On 2016-05-09 10:14, Rob Herring wrote:
> On Thu, May 5, 2016 at 3:27 AM,  <maitysanchayan at gmail.com> wrote:
>> Hello Rob,
>>
>> On 16-05-03 21:30:26, Rob Herring wrote:
>>> On Mon, May 02, 2016 at 12:35:04PM +0530, Sanchayan Maity wrote:
>>> > Add device tree binding documentation for Vybrid SoC.
>>> >
>>> > Signed-off-by: Sanchayan Maity <maitysanchayan at gmail.com>
>>> > ---
>>> >  .../bindings/arm/freescale/fsl,vf610-soc.txt       | 35 ++++++++++++++++++++++
>>> >  1 file changed, 35 insertions(+)
>>> >  create mode 100644 Documentation/devicetree/bindings/arm/freescale/fsl,vf610-soc.txt
>>> >
>>> > diff --git a/Documentation/devicetree/bindings/arm/freescale/fsl,vf610-soc.txt b/Documentation/devicetree/bindings/arm/freescale/fsl,vf610-soc.txt
>>> > new file mode 100644
>>> > index 0000000..bdd95e8
>>> > --- /dev/null
>>> > +++ b/Documentation/devicetree/bindings/arm/freescale/fsl,vf610-soc.txt
>>> > @@ -0,0 +1,35 @@
>>> > +Vybrid System-on-Chip
>>> > +---------------------
>>> > +
>>> > +Required properties:
>>> > +
>>> > +- #address-cells: must be 1
>>> > +- #size-cells: must be 1
>>> > +- compatible: "fsl,vf610-soc-bus", "simple-bus"
>>>
>>> If this is a bus, put the file in bindings/bus/...
>>
>> The fsl,vf610-soc-bus binding is used to bind the driver in question with
>> an appropriate compatible node.
>>
>> Basically being a standalone platform driver, there was need of a compatible
>> property to bind on. Introducing a separate device tree node for it's sake
>> didn't seem appropriate so the alteration to SoC node's compatible.
> 
> Ah, so you are designing a node around the needs of a Linux specific
> driver. Don't do that. DT describes the h/w and this node is not a h/w
> block.
> 
> Create a platform device based on a matching SOC compatible string
> instead and make your driver find the information it needs directly
> from the relevant nodes like the ROM node.

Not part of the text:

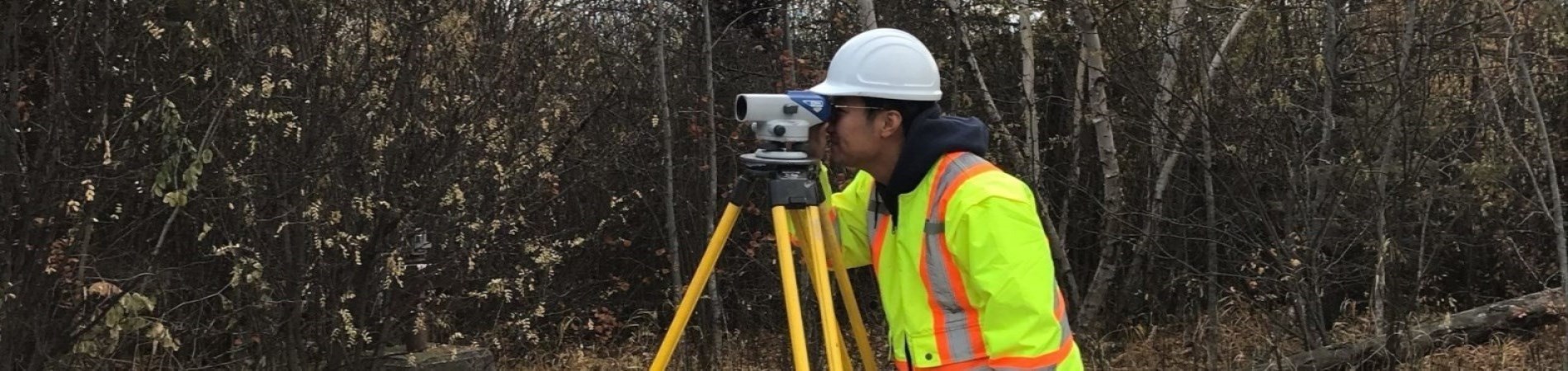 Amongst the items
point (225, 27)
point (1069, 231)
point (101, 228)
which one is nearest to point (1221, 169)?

That reads like my words a year ago:
https://lkml.org/lkml/2015/5/22/408

Initially pretty much everything was hard-coded in the driver.

Arnd then pushed to use more descriptive in the device tree.

Of course, we should not end up making up relations which are not there
in hardware. We need to find the right balance.

Here is my suggestion:
1. Add "fsl,vf610-soc-bus" as compatible string to the soc node, use it
to bind the "soc bus driver" as a platform driver located in driver/soc/
2. Add ROM as syscon device (it is not erasable ROM memory, hence eeprom
seems not to be appropriate)
3. In the new soc bus driver, search for the relevant nodes using
hardcoded strings:
   - "ocrom" to get the syscon device, read the ROM revision with the
hardcoded offset
   - "ocotp" to get the NVMEM device or "cfg0"/"cfg1" to the cells
directly, read the values using the defined cells.
   - "mscm_cpucfg" is already there as a syscon device

Arnd, Rob, does that sound reasonable?